Re: [PATCH 2/2] sched/fair: util_est: add running_sum tracking

From: Joel Fernandes <joel@joelfernandes.org>
To: Patrick Bellasi <patrick.bellasi@arm.com>
Cc: linux-kernel@vger.kernel.org, linux-pm@vger.kernel.org,
	Ingo Molnar <mingo@redhat.com>,
	Peter Zijlstra <peterz@infradead.org>,
	"Rafael J . Wysocki" <rafael.j.wysocki@intel.com>,
	Viresh Kumar <viresh.kumar@linaro.org>,
	Vincent Guittot <vincent.guittot@linaro.org>,
	Dietmar Eggemann <dietmar.eggemann@arm.com>,
	Morten Rasmussen <morten.rasmussen@arm.com>,
	Juri Lelli <juri.lelli@redhat.com>,
	Joel Fernandes <joelaf@google.com>,
	Steve Muckle <smuckle@google.com>, Todd Kjos <tkjos@google.com>
Subject: Re: [PATCH 2/2] sched/fair: util_est: add running_sum tracking
Date: Tue, 5 Jun 2018 12:33:17 -0700	[thread overview]
Message-ID: <20180605193317.GA239272@joelaf.mtv.corp.google.com> (raw)
In-Reply-To: <20180605152156.GD32302@e110439-lin>

On Tue, Jun 05, 2018 at 04:21:56PM +0100, Patrick Bellasi wrote:
[..]
> > > diff --git a/kernel/sched/fair.c b/kernel/sched/fair.c
> > > index f74441be3f44..5d54d6a4c31f 100644
> > > --- a/kernel/sched/fair.c
> > > +++ b/kernel/sched/fair.c
> > > @@ -3161,6 +3161,8 @@ accumulate_sum(u64 delta, int cpu, struct sched_avg *sa,
> > >  		sa->runnable_load_sum =
> > >  			decay_load(sa->runnable_load_sum, periods);
> > >  		sa->util_sum = decay_load((u64)(sa->util_sum), periods);
> > > +		if (running)
> > > +			sa->running_sum = decay_load(sa->running_sum, periods);
> > >  
> > >  		/*
> > >  		 * Step 2
> > > @@ -3176,8 +3178,10 @@ accumulate_sum(u64 delta, int cpu, struct sched_avg *sa,
> > >  		sa->load_sum += load * contrib;
> > >  	if (runnable)
> > >  		sa->runnable_load_sum += runnable * contrib;
> > > -	if (running)
> > > +	if (running) {
> > >  		sa->util_sum += contrib * scale_cpu;
> > > +		sa->running_sum += contrib * scale_cpu;
> > > +	}
> > >  
> > >  	return periods;
> > >  }
> > > @@ -3963,6 +3967,12 @@ static inline void util_est_enqueue(struct cfs_rq *cfs_rq,
> > >  	WRITE_ONCE(cfs_rq->avg.util_est.enqueued, enqueued);
> > >  }
> > 
> > PELT changes look nice and makes sense :)
> 
> That's not strictly speaking a PELT change... it's still more in the
> idea to work "on top of PELT" to make it more effective in measuring
> the tasks expected required CPU bandwidth.

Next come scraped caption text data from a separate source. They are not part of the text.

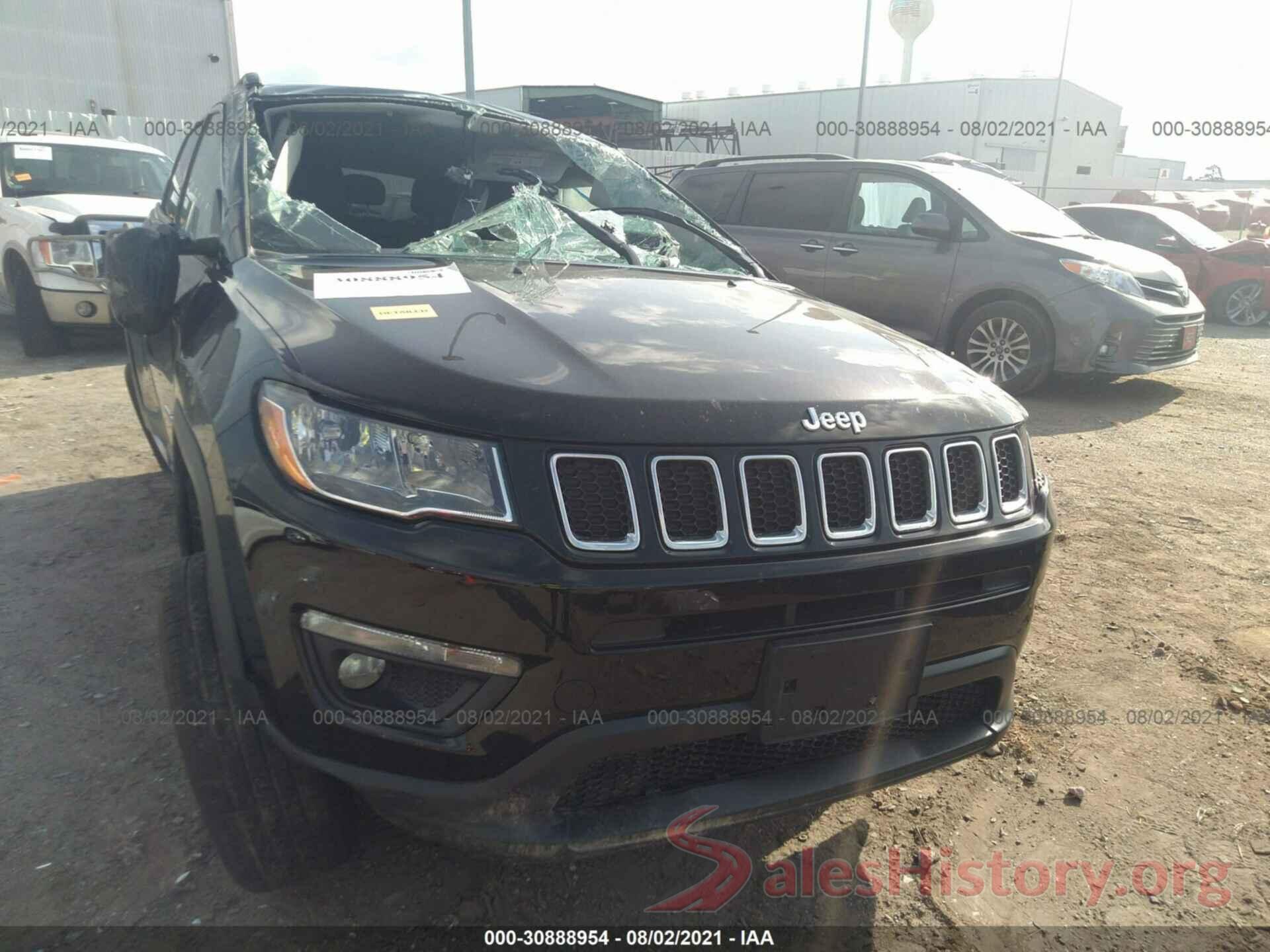 3C4NJCBB7MT508252 2021 JEEP COMPASS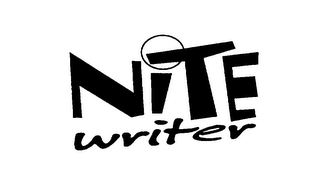NITE WRITER logo
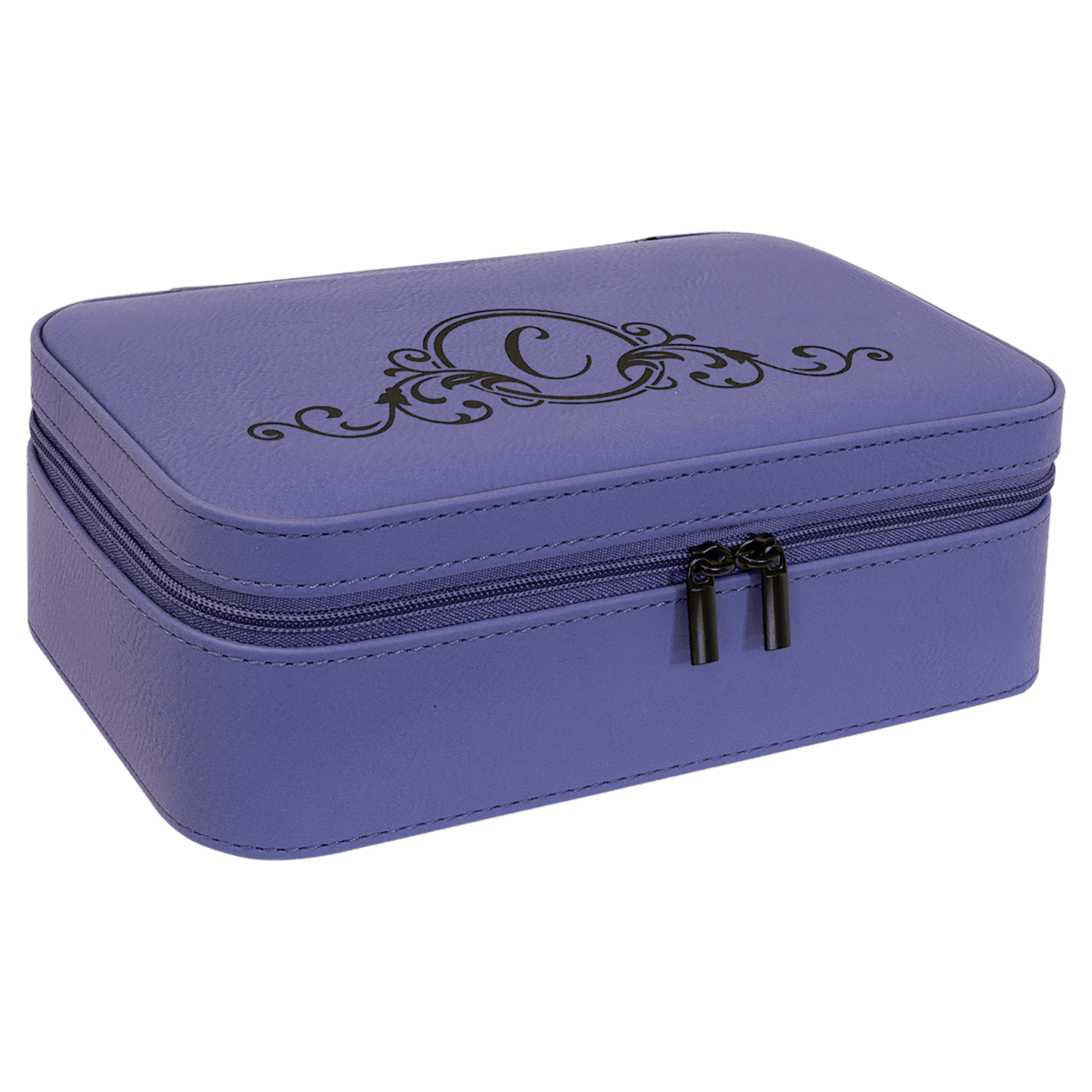 Leatherette Jewelry Box 7.5" x 4.5"
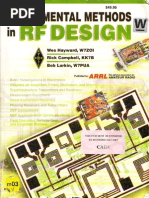 experimental methods in rf design pdf download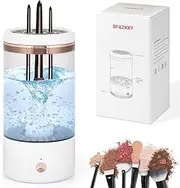 BFAZKXY Electric Makeup Brush Cleaner Machine, Brush Cleaner Make up, Automatic USB Cosmetic Brushes Cleaner Tool Beauty Makeup Brush Set, Contour, Eyeshadow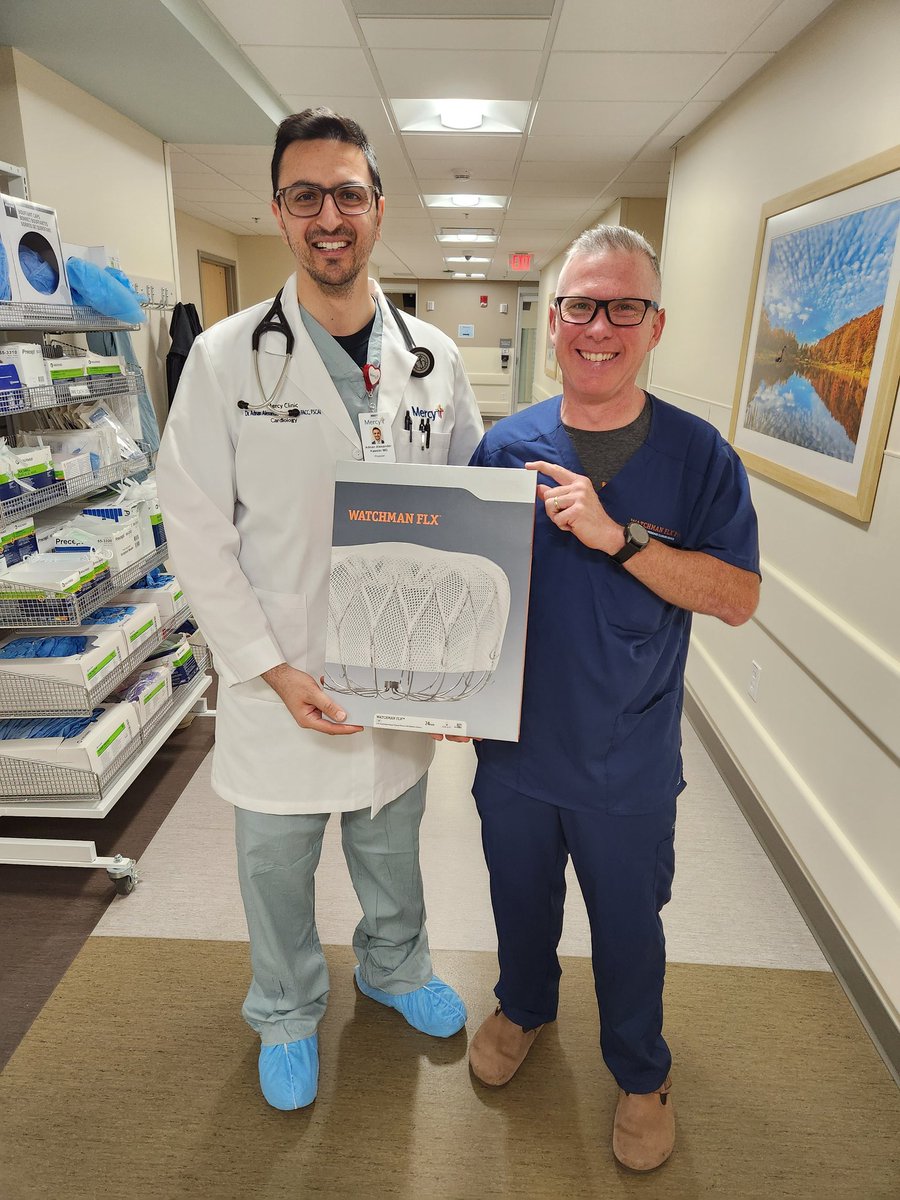 Adnan Alexander Kassier, MD. FACC. FSCAI (@akassier) on Twitter photo It was great working with <a href="/VeloRickFinley/">Rick L. Finley</a> <a href="/BSCCardiology/">BostonSci Cardiology</a> and implanting 80 watchmans <a href="/MercySGF/">Mercy Springfield</a> last year. Wish you best of luck in Montana! It was great working with <a href="/VeloRickFinley/">Rick L. Finley</a> <a href="/BSCCardiology/">BostonSci Cardiology</a> and implanting 80 watchmans <a href="/MercySGF/">Mercy Springfield</a> last year. Wish you best of luck in Montana!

I meant "PELT change" as in change to the code that calculates PELT signals..

> > > +static inline void util_est_enqueue_running(struct task_struct *p)
> > > +{
> > > +	/* Initilize the (non-preempted) utilization */
> > > +	p->se.avg.running_sum = p->se.avg.util_sum;
> > > +}
> > > +
> > >  /*
> > >   * Check if a (signed) value is within a specified (unsigned) margin,
> > >   * based on the observation that:
> > > @@ -4018,7 +4028,7 @@ util_est_dequeue(struct cfs_rq *cfs_rq, struct task_struct *p, bool task_sleep)
> > >  	 * Skip update of task's estimated utilization when its EWMA is
> > >  	 * already ~1% close to its last activation value.
> > >  	 */
> > > -	ue.enqueued = (task_util(p) | UTIL_AVG_UNCHANGED);
> > > +	ue.enqueued = p->se.avg.running_sum / LOAD_AVG_MAX;
> > 
> > I guess we are doing extra division here which adds some cost. Does
> > performance look Ok with the change?
> 
> This extra division is there and done only at dequeue time instead of
> doing it at each update_load_avg.

I know. :)

> To be more precise, at each ___update_load_avg we should really update
> running_avg by:
> 
>    u32 divider = LOAD_AVG_MAX - 1024 + sa->period_contrib;
>    sa->running_avg = sa->running_sum / divider;
> 
> but, this would imply tracking an additional signal in sched_avg and
> doing an additional division at ___update_load_avg() time.
> 
> Morten suggested that, if we accept the rounding errors due to
> considering
> 
>       divider ~= LOAD_AVG_MAX
> 
> thus discarding the (sa->period_contrib - 1024) correction, then we
> can completely skip the tracking of running_avg (thus saving space in
> sched_avg) and approximate it at dequeue time as per the code line,
> just to compute the new util_est sample to accumulate.
> 
> Does that make sense now?

The patch always made sense to me.. I was just pointing out the extra
division this patch adds. I agree since its done on dequeue-only, then its
probably Ok to do..

thanks,

 - Joel